[Data section]:
****************
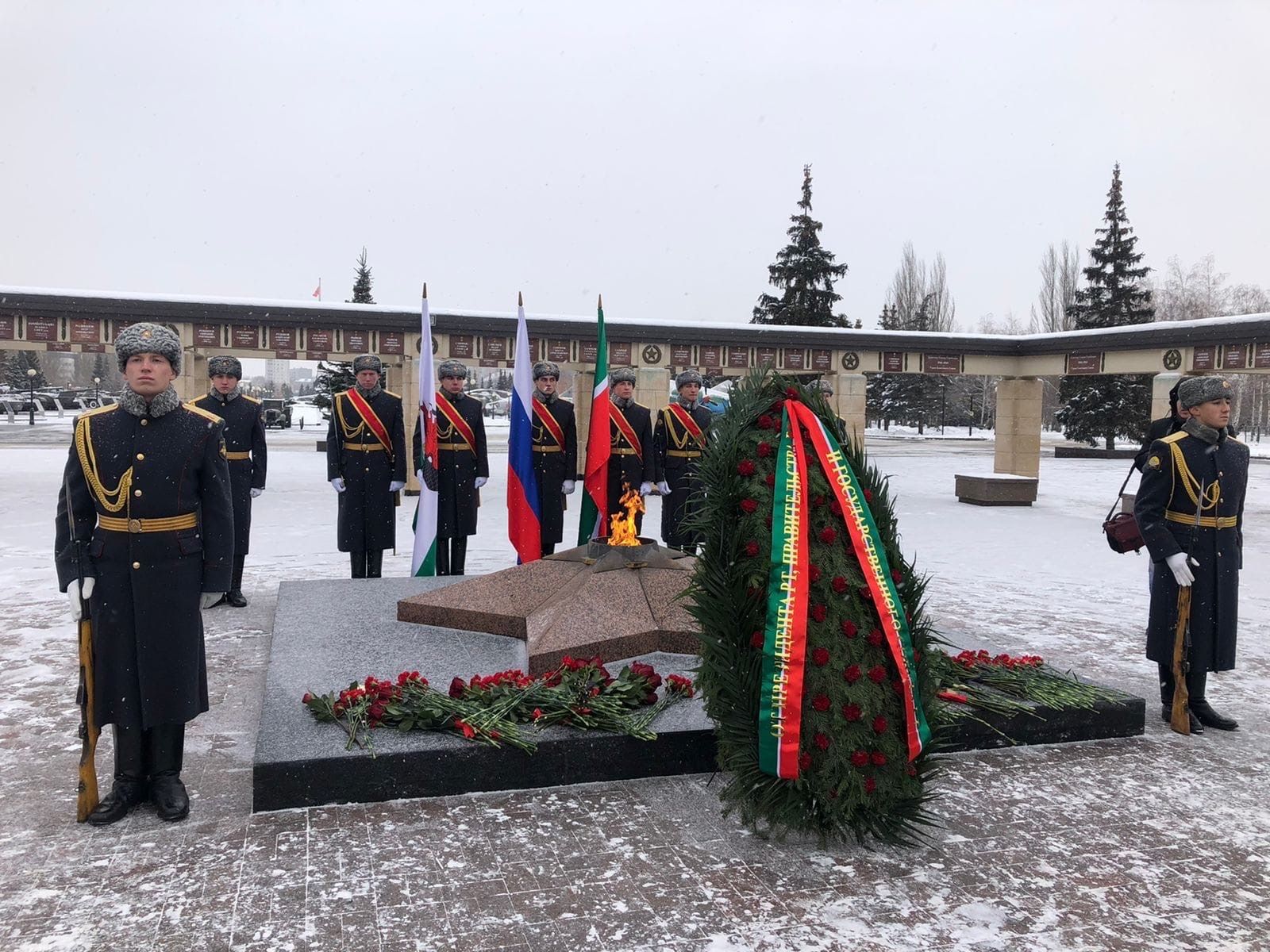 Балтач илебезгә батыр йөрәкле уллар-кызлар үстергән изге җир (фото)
****************
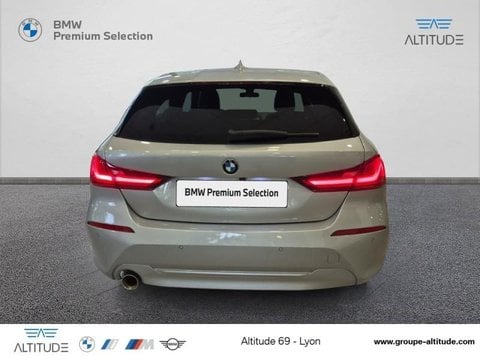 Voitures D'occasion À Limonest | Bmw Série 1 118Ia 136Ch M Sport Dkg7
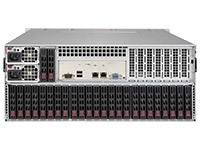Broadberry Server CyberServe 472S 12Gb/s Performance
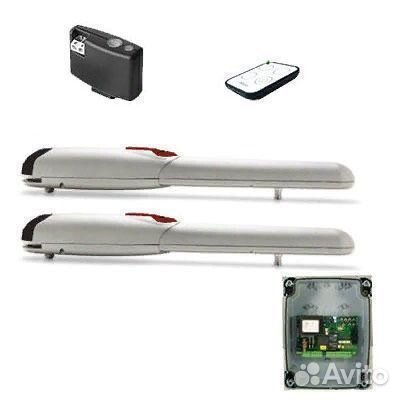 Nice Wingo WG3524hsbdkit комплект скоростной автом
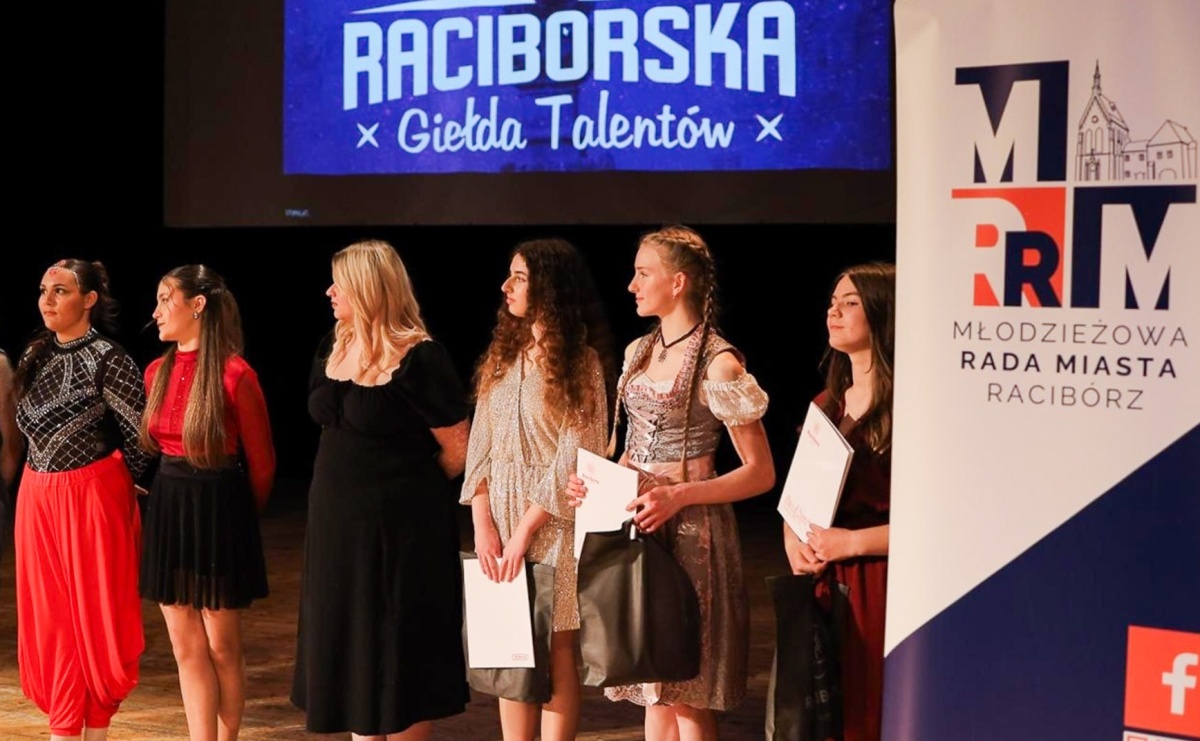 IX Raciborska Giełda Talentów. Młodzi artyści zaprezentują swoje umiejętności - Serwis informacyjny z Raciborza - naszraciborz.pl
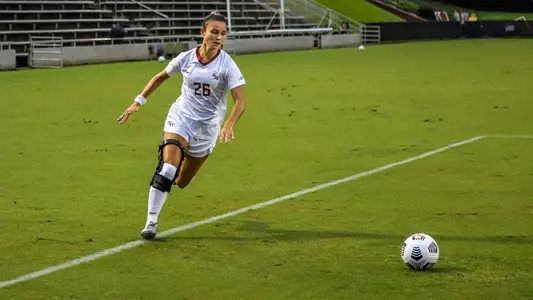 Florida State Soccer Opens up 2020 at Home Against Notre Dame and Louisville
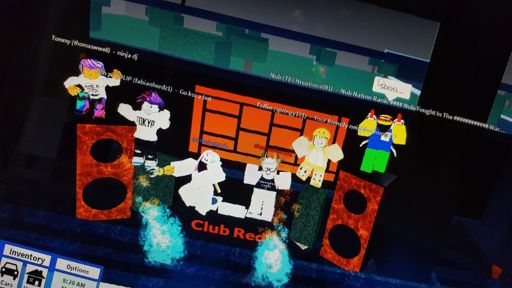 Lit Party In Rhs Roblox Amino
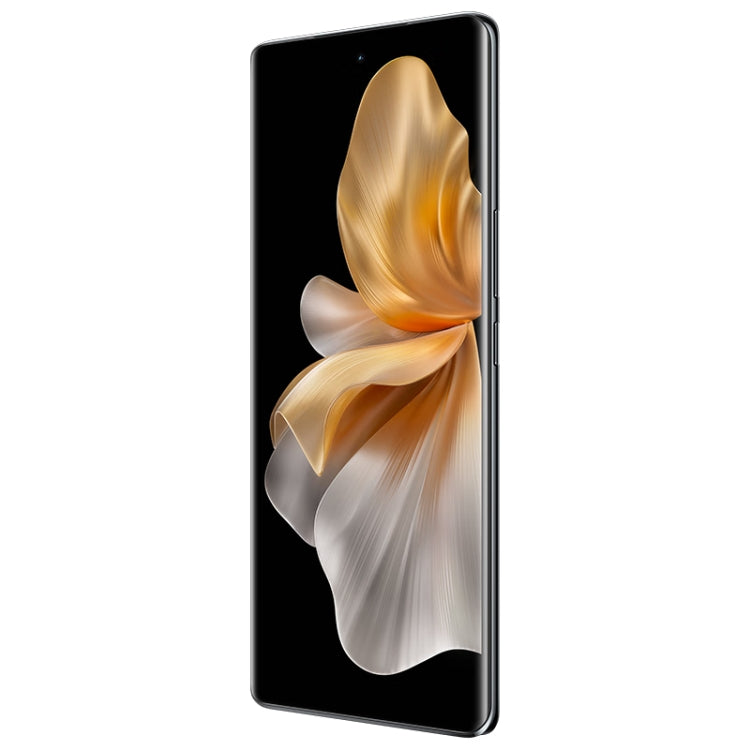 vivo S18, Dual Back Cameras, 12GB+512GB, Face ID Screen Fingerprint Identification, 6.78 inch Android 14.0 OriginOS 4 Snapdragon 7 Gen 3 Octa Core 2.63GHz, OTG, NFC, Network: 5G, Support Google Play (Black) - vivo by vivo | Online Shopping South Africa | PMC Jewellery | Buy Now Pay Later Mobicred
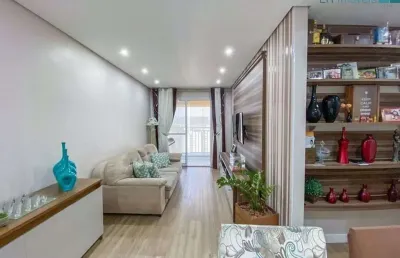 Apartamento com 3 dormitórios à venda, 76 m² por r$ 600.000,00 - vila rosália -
****************
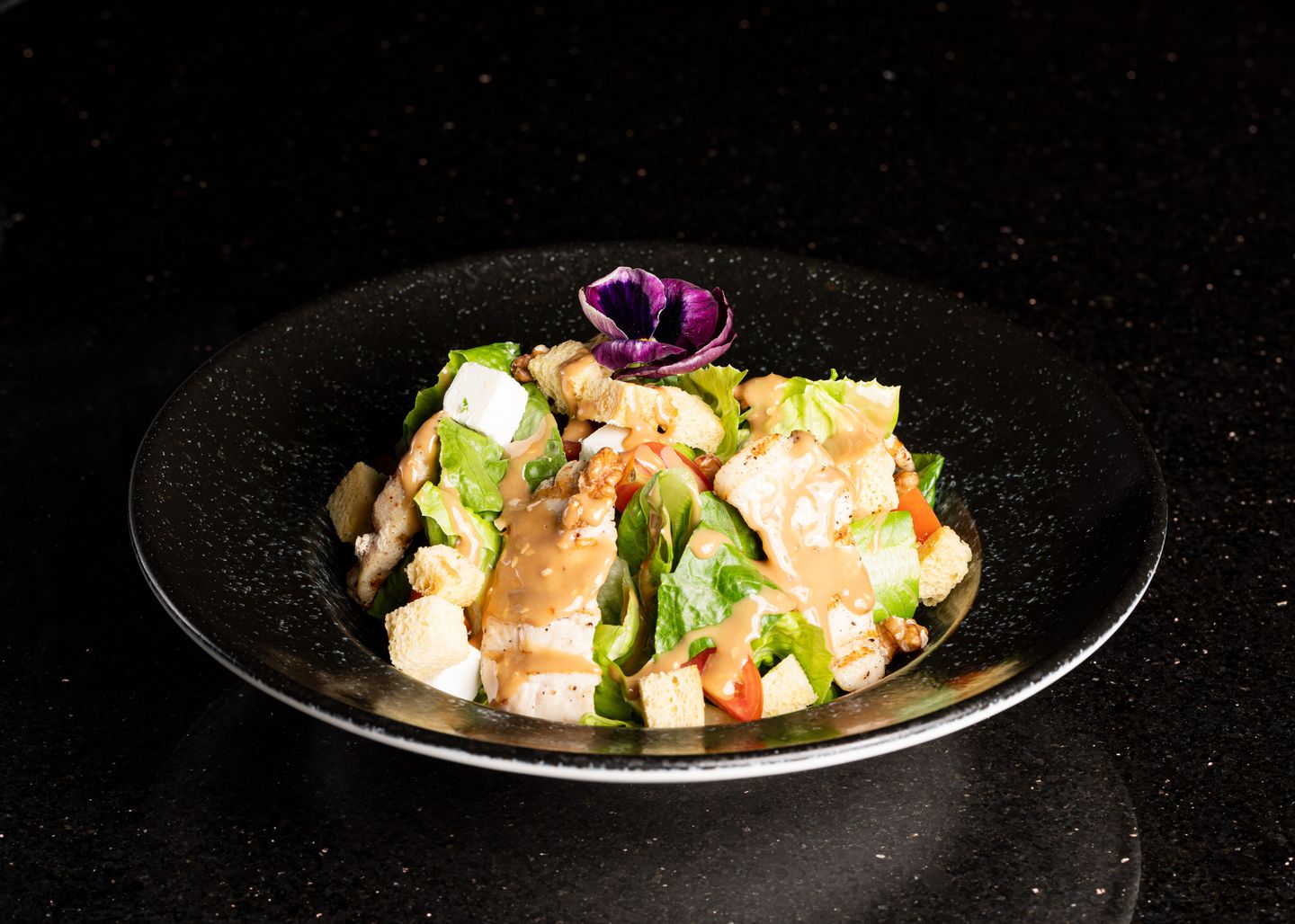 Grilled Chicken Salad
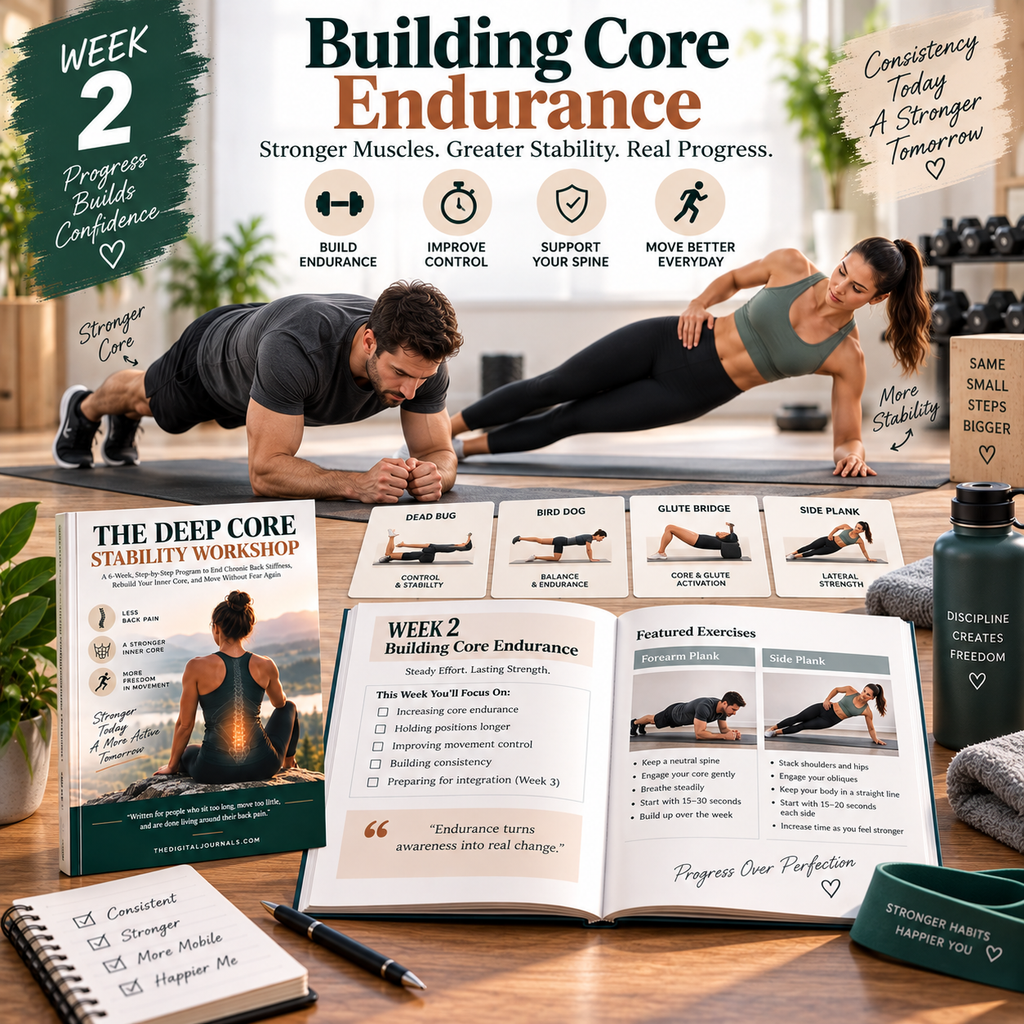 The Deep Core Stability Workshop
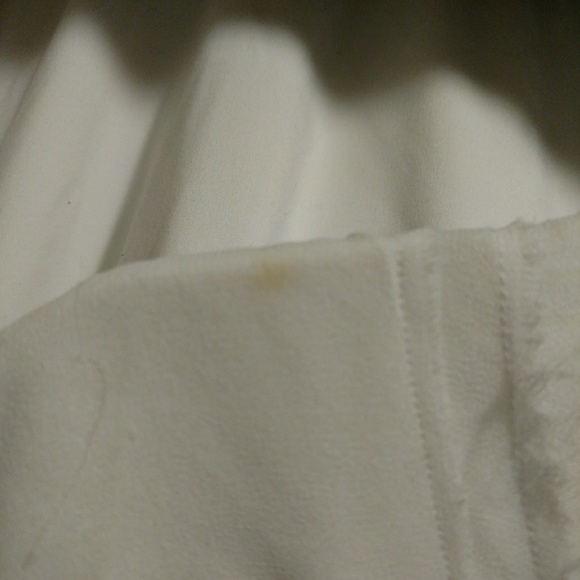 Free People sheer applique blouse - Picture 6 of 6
****************
[Brief]: Using the entries above, write out exactly the lines from the one with "Nice Wingo WG3524hsbdkit" through the one with "Apartamento com 3", ends included. Leave out any pictures.

[Your solution]:
 Nice Wingo WG3524hsbdkit комплект скоростной автом
 IX Raciborska Giełda Talentów. Młodzi artyści zaprezentują swoje umiejętności - Serwis informacyjny z Raciborza - naszraciborz.pl
 Florida State Soccer Opens up 2020 at Home Against Notre Dame and Louisville
 Lit Party In Rhs Roblox Amino
 vivo S18, Dual Back Cameras, 12GB+512GB, Face ID Screen Fingerprint Identification, 6.78 inch Android 14.0 OriginOS 4 Snapdragon 7 Gen 3 Octa Core 2.63GHz, OTG, NFC, Network: 5G, Support Google Play (Black) - vivo by vivo | Online Shopping South Africa | PMC Jewellery | Buy Now Pay Later Mobicred
 Apartamento com 3 dormitórios à venda, 76 m² por r$ 600.000,00 - vila rosália -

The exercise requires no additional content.